Trade and Sustainable Development
International trade, valued at roughly six trillion dollars per year, could be a huge force for sustainable development. By opening up new markets, exposing domestic firms to international practices and bringing new investment and growth, trade can create the necessary conditions for poverty alleviation on a scale unreachable by dwindling traditional official development assistance. By spreading new, more efficient technologies trade can reduce the production of waste and help increase the efficiency with which we use resources.
But the outlook on trade and sustainable development today appears daunting, with a lack of substantive policy progress in many areas. The diversity of unresolved trade and sustainable development issues currently in multilateral, regional and bilateral negotiations, coupled with the challenge of implementing an equitable rules-based global trading system that works in concert with national, bi-lateral and regional policies and agreements presents enormous challenges for all countries.
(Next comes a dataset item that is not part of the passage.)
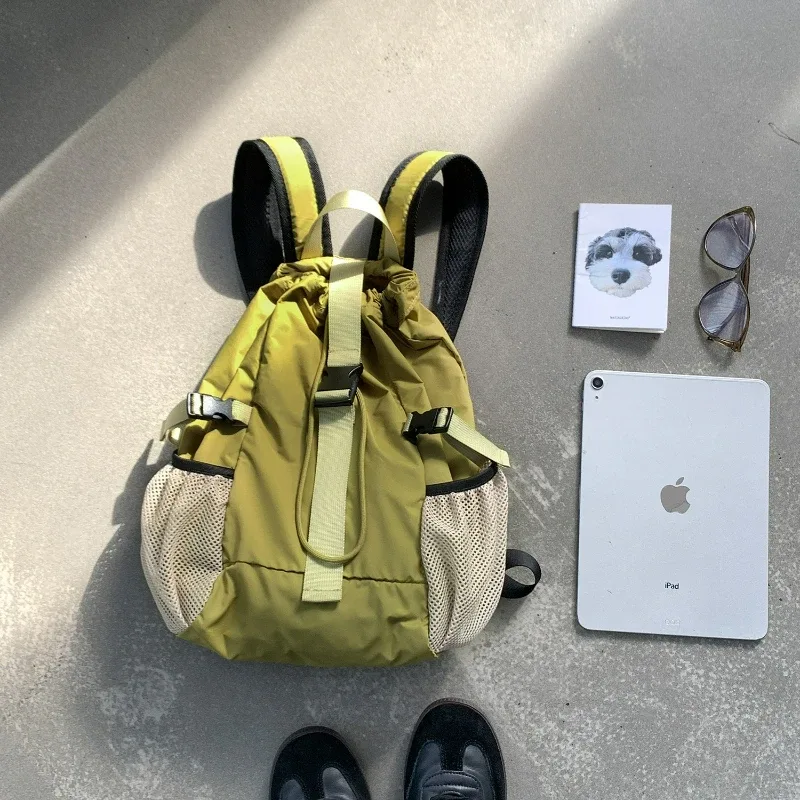 nouveau sac à dos léger à cordon de serrage, grande capacité, sac de sport décontracté, sac de voyage, sac de rangement, sac à bandoulière pour étudiants, unisexe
There exists an ever greater urgency for developing and developed countries to develop the capacity and strategy to pursue sustainable development within the context of trade and investment policy and practice. This has highlighted the increasing need for objective and accurate research, analysis and capacity building, for policy makers both south and north, so they may have the information to enable policies which address social issues of poverty alleviation, increased access to health, education and income opportunities while ensuring environmental management that works in balance with economic and trade development.
Doing so depends on capacity at the national level to implement policies that help growth-producing domestic firms take advantage of opportunities. It also depends on the strength of the existing domestic regimes for environmental management, as trade-induced growth can have serious environmental and associated social impacts that, if unmitigated, inevitably affect the poorest, thereby rendering trade unsustainable.
Finally, it depends on the sharing of the benefits of trade, so that income inequalities are in fact lessened by economic growth. In a world of increasingly globalized economic activity, increasing environmental degradation and widening income inequality, achieving sustainable development will depend critically on understanding how these forces are linked at domestic and international levels.